PROVIDED RECORDS =

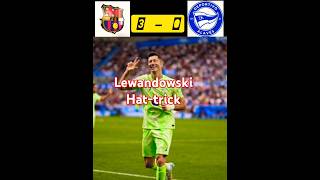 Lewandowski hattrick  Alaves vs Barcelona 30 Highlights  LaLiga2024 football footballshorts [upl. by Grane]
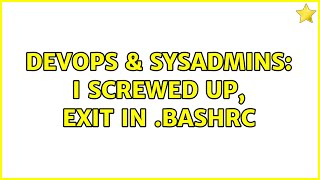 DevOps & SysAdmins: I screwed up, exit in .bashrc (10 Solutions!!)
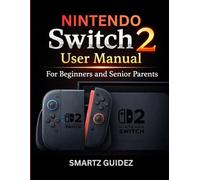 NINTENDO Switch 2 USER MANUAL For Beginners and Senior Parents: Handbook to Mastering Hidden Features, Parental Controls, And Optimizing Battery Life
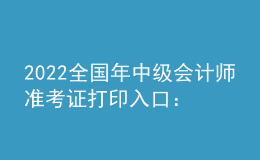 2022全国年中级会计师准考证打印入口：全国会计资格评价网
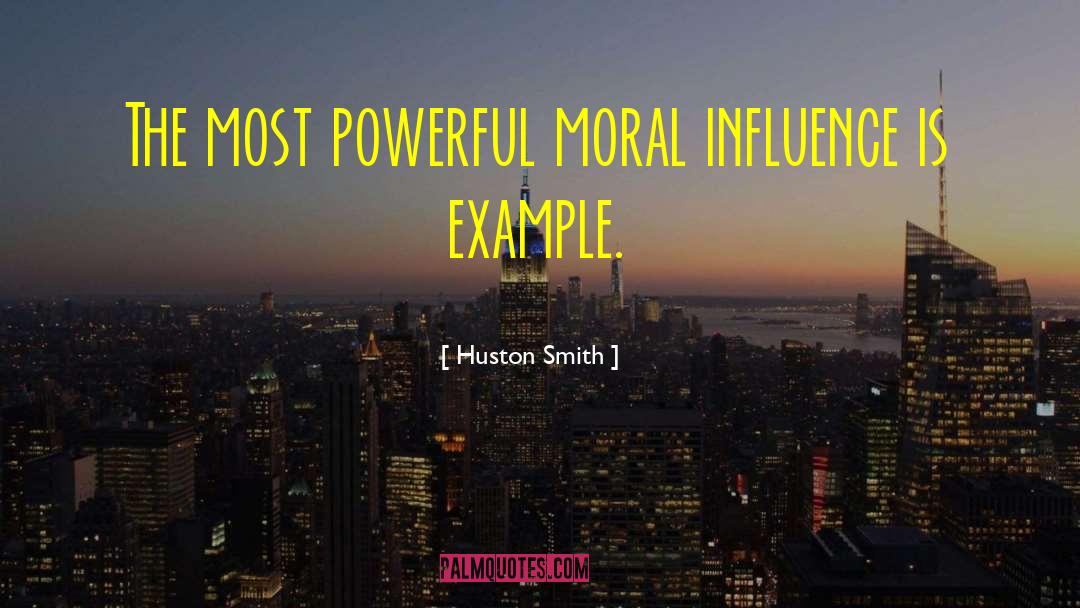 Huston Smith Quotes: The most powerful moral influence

---

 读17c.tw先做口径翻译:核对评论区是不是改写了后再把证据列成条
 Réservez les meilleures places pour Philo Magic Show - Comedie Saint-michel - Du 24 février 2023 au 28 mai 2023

...

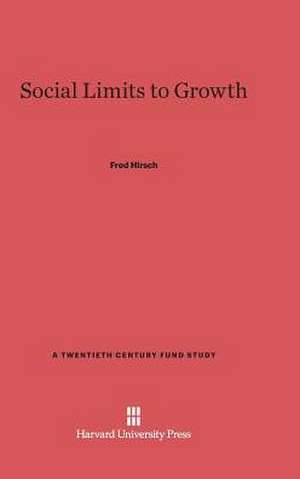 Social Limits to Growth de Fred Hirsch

WHAT TO PRODUCE = Print the part of the listing above that opens with the line containing "DevOps & SysAdmins: I" and closes with the line containing "Huston Smith Quotes: The". Copy it exactly, both ends included, and omit the pictures.

RESPONSE AREA =
 DevOps & SysAdmins: I screwed up, exit in .bashrc (10 Solutions!!)
 NINTENDO Switch 2 USER MANUAL For Beginners and Senior Parents: Handbook to Mastering Hidden Features, Parental Controls, And Optimizing Battery Life
 2022全国年中级会计师准考证打印入口：全国会计资格评价网
 Huston Smith Quotes: The most powerful moral influence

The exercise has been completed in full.